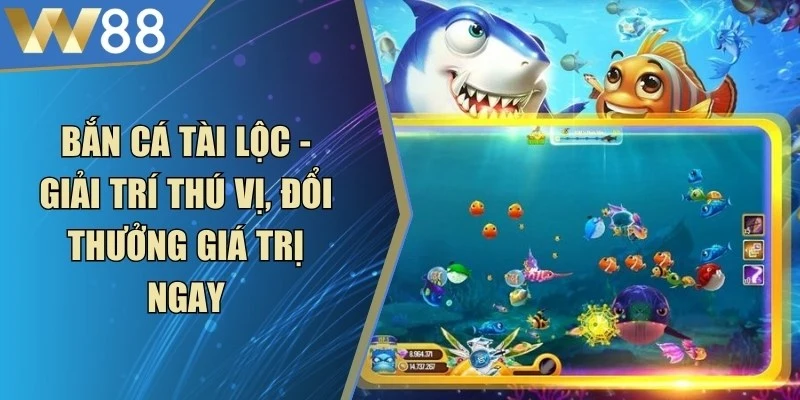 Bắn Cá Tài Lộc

——

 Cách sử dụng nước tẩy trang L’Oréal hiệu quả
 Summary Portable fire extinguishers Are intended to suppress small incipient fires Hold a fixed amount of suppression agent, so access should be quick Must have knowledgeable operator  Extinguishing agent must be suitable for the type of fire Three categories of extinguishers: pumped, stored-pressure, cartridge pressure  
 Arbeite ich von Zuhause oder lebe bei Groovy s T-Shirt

——

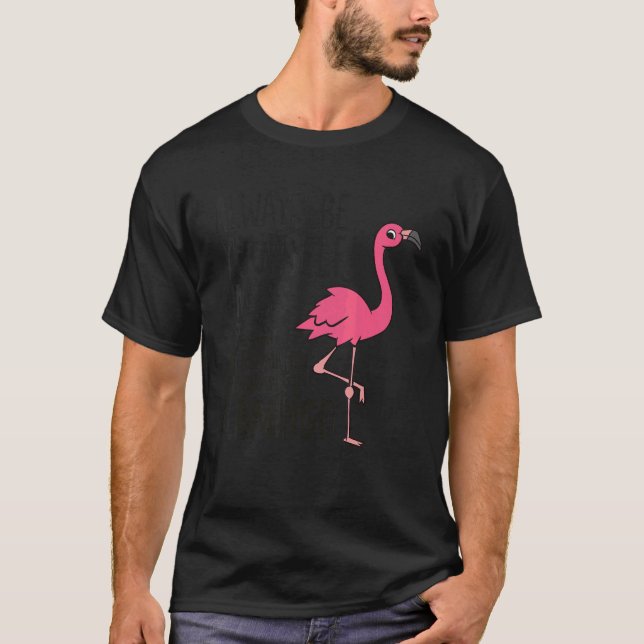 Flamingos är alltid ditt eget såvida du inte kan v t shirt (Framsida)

——

Task prompt:
Reproduce exactly the lines of the records above from the one with "Summary Portable fire" to the one with "Arbeite ich von", both included, and leave out everything else.

Answer to this problem:
 Summary Portable fire extinguishers Are intended to suppress small incipient fires Hold a fixed amount of suppression agent, so access should be quick Must have knowledgeable operator  Extinguishing agent must be suitable for the type of fire Three categories of extinguishers: pumped, stored-pressure, cartridge pressure  
 Arbeite ich von Zuhause oder lebe bei Groovy s T-Shirt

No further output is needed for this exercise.